Fighting the sahib's war

SARNATH BANERJEE

 

 

Strictly speaking, Indian soldiers were not conscripted, they enlisted because of regular pay, fixed ration and the promise of Home Rule. The Indians put together 8 billion pounds in todays value as a one-time war contribution and kept paying 2.4 billion pounds every year in cash. The amount did not include animals and supplies. This huge contribution to the war effort was a bargaining chip to gain Self Rule, as was practiced in Britain’s white dominions.

 

The Indian sepoy had an ambiguous relation with the empire. His loyalty could never be taken for granted. He always posed the threat of desertion or mutiny.

 

Silence is the sepoys most enduring trait. Indian soldiers did not belong to the class that would leave behind contemplative war memories. The European historians too didn’t bother much because the role of the Indian soldier did not conform to the western narrative of victory or defeat.

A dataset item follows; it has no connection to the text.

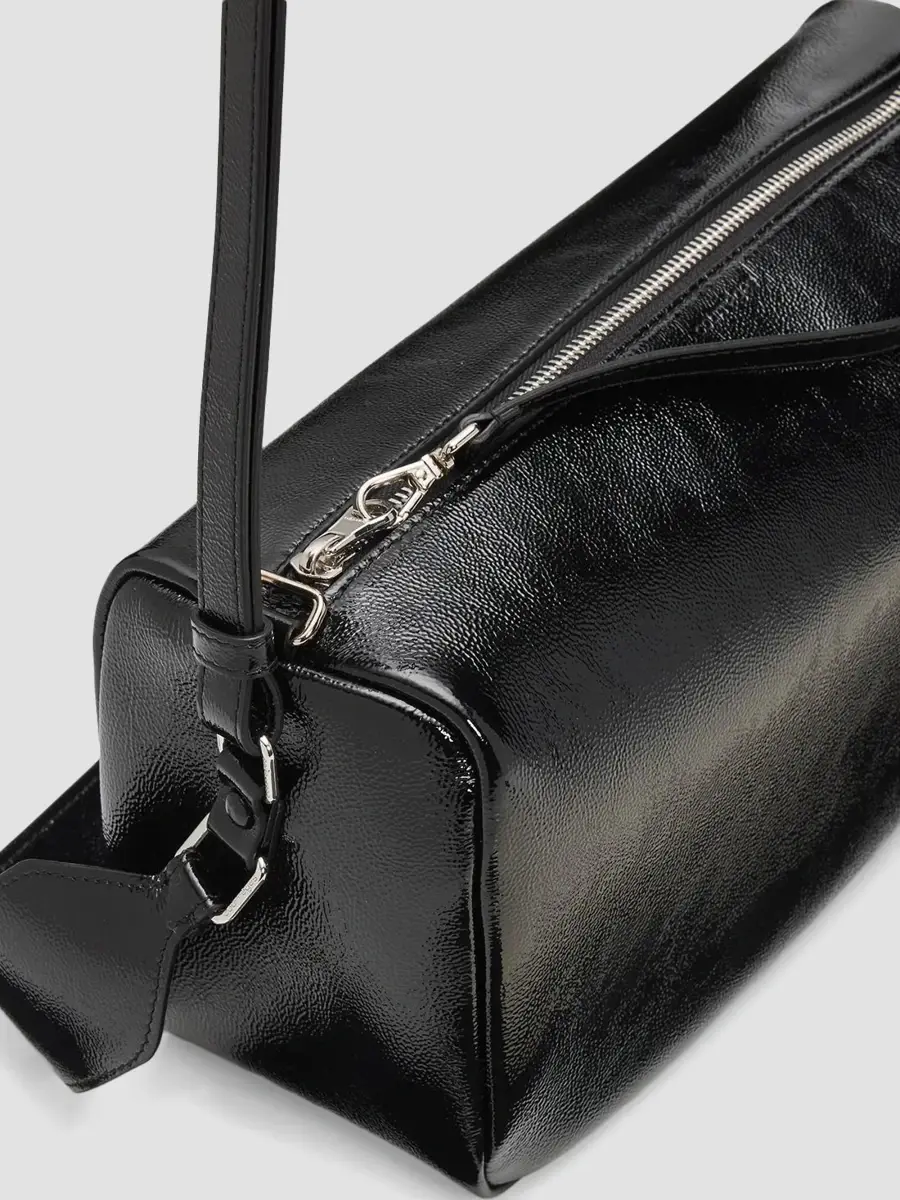 Courrèges Women's Three Sixty Leather Shoulder Bag | Thumbnail 6 Courrèges Women's Three Sixty Leather Shoulder Bag | Thumbnail 6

At the Boer War the British government did not want to engage Indian soldiers in battle. It was against racial etiquette of the time. A black soldier killing a white soldier was a flagrant breach of white solidarity. But In 1914, as the western front fell, racial hierarchy was thrown out of the window and the Indian soldiers were brought in.

 

A German newspaper, The Continental Times acknowledged Indians as victims of colonial rule. In 1915 it reminded its readers that the English, who refused to travel in the same railway car with a coloured person, would happily engage the same to fight against Germany. In doing so, the paper added, England is true to its tradition of utilising other races to do its hard fighting.

 

Kaiser Wilhelm expressed his outrage at England for employing ‘heathens’ to kill people of the white race, ‘a thing that should be condemned by all civilised nations.’ Later he wised up, put race purity on the back-seat and tried to turn the Indian POWs against their English masters. He particularly wanted to appeal to the Muslim soldiers to not fight against their Turkish brethren. His ally the Ottoman Sultan, still considered a khalifa by the muslim world, called for a jihad against the Empire, but only a small number of Muslim soldiers responded and deserted to the German side.

 

After the war, the Indian soldiers returned home. Along with being decommissioned by the British army, they were unacknowledged and unsung in their native India. The war they fought brought them no glory. Britain never gave India the promised Self-Rule. Instead, they instituted the Rowlatt’s act, allowing further repression of civil liberties and establishing special courts that made detention without trail possible. There were protests from all fronts, reaching its climax with the the Jallianwala Bagh massacre.

 

 

Footnotes :

* Sarnath Banerjee is the author of five graphic novels, including Corridor, All Quiet in Vikaspuri and Doabdil.